Be sure to run apachectl restart for your changes to take effect.

Configuration for a single site

One of the simplest approaches is to place your site's source (that is, configuration files and other stuff used by Thalassa) side-by-side with that html directory (that is, make a dir like /var/www/Site for your site's source), and make the whole /var/www owned by Apache (the www-data account in case of Debian), and perform all site maintenance tasks as that user.

You will also need a directory for your session database. We'll use /var/www/_site directory for this purpose.

Letting the whole /var/www tree be owned by the www-data user is terribly risky. If some bad guys manage to establish control over your Apache, they will have write access not only to your site, but to your site sources as well, and the worst thing here is that all this may remain unnoticed for a long period. However, we cant't follow the usual permissions scheme in which the files placed in the web space are owned by another user and are only readable for Apache (actually, they are typically made world-readable, thus Apache being just one of these others). This is because, as long as we don't use suexec, the CGI programs are launched by Apache with the same credentials as it has itself, and the Thalassa CGI program must be able to update the files within the web space.

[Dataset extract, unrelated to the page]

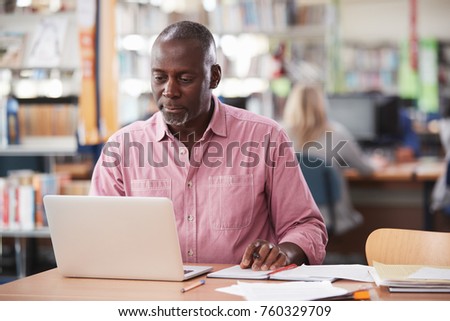 Mature Male Student Working On Laptop In College Library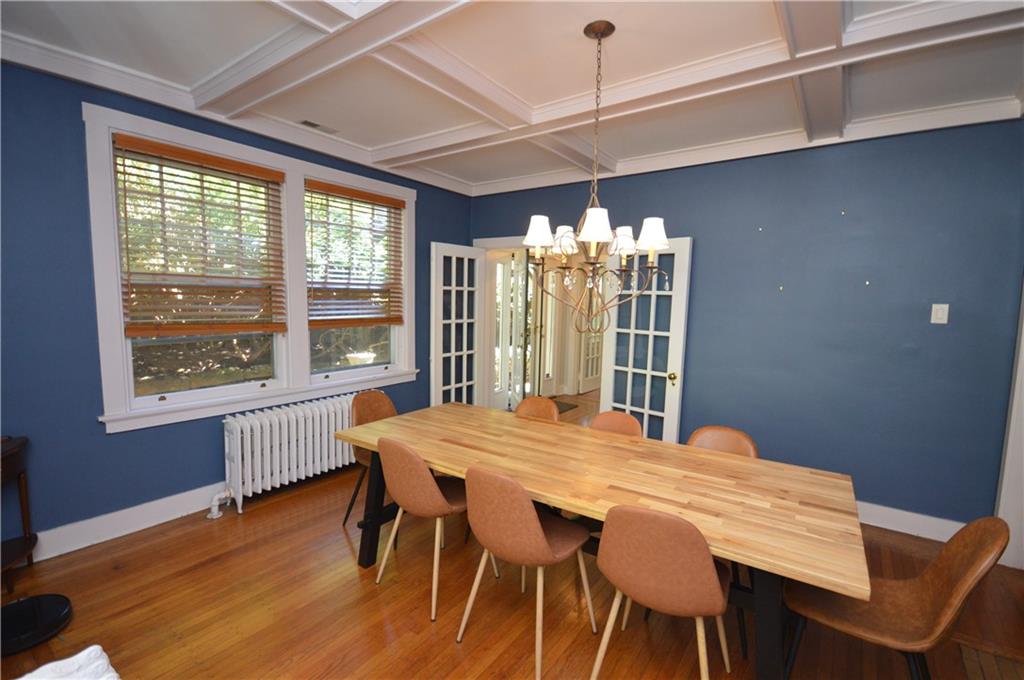 431 Locust Street Pittsburgh, PA 15218 - Photo 12 of 47 a view of a dining room with furniture wooden floor and chandelier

If you want a secure configuration, please give up this single-site, no-suexec approach in favor of the suexec-based configuration. Yes, it does make sense even in case you only run one site on your server.

We will assume you're going to use the Smoky template; it's a good starting point anyway.

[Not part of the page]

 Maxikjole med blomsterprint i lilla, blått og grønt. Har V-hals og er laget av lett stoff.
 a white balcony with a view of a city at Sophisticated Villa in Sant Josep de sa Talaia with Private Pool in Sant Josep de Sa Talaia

Assuming the Site directory isn't there yet, do the following (as root):

  cp -R /your/sources/of/thalassa/example/templ_smoky /var/www/Site
  mkdir /var/www/_site
  chown www-data /var/www -R
  chmod ugo+rX /var/www -R
  chmod 700 /var/www/_site

From now on, you will only need root access to modify the configuration of Apache, while all manipulations with the site's content can be done with the Apache user's (www-data in our example) permissions. If the command su - www-data fails, you might need to change the login shell for the www-data user in your /etc/passwd.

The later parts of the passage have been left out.